Tra i diversi settori del diritto ambientale è, attualmente, sotto la luce dei riflettori quello della gestione dei rifiuti: istituito nell’ormai lontano 2009, l’innovativo sistema di controllo della tracciabilità dei rifiuti (c.d. "SISTRI") non è ancora entrato in vigore. Da ultimo, il decreto c.d. "Milleproroghe 2015" ha rinviato al 01 gennaio 2016 la sua attuazione.

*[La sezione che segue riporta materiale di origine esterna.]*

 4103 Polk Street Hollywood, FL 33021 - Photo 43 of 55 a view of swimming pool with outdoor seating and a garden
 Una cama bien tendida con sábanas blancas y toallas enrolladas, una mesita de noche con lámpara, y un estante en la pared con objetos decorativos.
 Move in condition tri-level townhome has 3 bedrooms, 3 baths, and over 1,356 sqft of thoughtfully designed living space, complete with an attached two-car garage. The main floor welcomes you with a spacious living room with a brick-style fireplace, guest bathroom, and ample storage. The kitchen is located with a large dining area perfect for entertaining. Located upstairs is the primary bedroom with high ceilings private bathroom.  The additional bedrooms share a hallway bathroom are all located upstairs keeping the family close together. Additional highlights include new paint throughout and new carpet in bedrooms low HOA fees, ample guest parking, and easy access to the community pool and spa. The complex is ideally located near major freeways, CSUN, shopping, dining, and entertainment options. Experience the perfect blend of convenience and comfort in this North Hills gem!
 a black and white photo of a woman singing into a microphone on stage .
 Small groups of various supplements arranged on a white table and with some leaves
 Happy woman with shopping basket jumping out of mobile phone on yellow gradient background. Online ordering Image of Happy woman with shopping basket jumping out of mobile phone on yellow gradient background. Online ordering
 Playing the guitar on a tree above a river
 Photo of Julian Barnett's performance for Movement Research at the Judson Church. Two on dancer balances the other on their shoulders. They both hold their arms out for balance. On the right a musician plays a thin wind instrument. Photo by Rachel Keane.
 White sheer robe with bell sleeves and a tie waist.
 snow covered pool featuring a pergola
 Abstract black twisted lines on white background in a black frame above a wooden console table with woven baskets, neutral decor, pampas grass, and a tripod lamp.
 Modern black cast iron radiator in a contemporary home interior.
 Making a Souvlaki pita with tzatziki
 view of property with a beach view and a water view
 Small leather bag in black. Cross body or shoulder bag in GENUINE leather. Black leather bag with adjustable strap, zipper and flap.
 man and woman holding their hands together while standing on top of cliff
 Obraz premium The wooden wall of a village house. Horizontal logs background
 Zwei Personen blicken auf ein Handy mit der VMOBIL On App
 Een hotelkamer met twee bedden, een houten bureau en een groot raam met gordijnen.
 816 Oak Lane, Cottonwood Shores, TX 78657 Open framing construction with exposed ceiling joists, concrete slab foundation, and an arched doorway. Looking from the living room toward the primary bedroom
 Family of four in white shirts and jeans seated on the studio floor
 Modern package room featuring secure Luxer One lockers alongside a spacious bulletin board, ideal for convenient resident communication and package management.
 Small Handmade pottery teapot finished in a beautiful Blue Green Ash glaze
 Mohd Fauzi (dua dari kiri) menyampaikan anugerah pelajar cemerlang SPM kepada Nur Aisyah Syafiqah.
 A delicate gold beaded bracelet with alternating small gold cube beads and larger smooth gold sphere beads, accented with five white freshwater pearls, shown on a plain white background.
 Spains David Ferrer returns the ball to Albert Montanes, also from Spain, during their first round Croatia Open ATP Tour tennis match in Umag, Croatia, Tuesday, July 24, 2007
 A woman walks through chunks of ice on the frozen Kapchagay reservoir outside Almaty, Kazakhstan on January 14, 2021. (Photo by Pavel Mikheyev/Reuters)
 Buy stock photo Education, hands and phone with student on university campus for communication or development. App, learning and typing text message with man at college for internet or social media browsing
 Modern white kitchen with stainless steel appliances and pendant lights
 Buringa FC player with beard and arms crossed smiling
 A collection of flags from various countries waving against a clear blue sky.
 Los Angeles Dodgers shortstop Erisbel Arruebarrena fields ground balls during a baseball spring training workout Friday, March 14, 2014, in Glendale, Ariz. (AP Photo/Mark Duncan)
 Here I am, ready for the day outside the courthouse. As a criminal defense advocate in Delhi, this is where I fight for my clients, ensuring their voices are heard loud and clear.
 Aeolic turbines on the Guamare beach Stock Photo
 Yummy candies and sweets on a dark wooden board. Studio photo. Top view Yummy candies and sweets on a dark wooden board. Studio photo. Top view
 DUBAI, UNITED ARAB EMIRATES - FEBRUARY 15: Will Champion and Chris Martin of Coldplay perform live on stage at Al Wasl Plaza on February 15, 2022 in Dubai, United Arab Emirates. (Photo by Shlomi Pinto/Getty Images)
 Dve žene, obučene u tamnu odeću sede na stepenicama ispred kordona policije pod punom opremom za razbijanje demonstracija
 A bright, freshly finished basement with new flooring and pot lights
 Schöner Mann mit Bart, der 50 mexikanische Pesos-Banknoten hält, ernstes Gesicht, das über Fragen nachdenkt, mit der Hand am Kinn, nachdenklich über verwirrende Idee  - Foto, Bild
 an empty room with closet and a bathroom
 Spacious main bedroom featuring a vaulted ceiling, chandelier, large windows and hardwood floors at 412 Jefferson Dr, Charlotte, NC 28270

Tuttavia, ancora oggi numerose sono le denunce delle criticità e dei ritardi nella messa a regime.
A prescindere dalle incertezze legate all’entrata in vigore del c.d. "Modello Informatico", per tutti gli attori investiti dalla normativa sulla gestione dei rifiuti che non saranno obbligati ad aderire al SISTRI, continuerà a trovare applicazione l’attuale sistema di gestione, cd. "Modello Cartaceo", costituito da vari documenti quali il "Registro di Carico e Scarico" (RCS), il "Formulario di Identificazione dei Rifiuti" (FIR) ed il "Modello Unico di Dichiarazione" (MUD).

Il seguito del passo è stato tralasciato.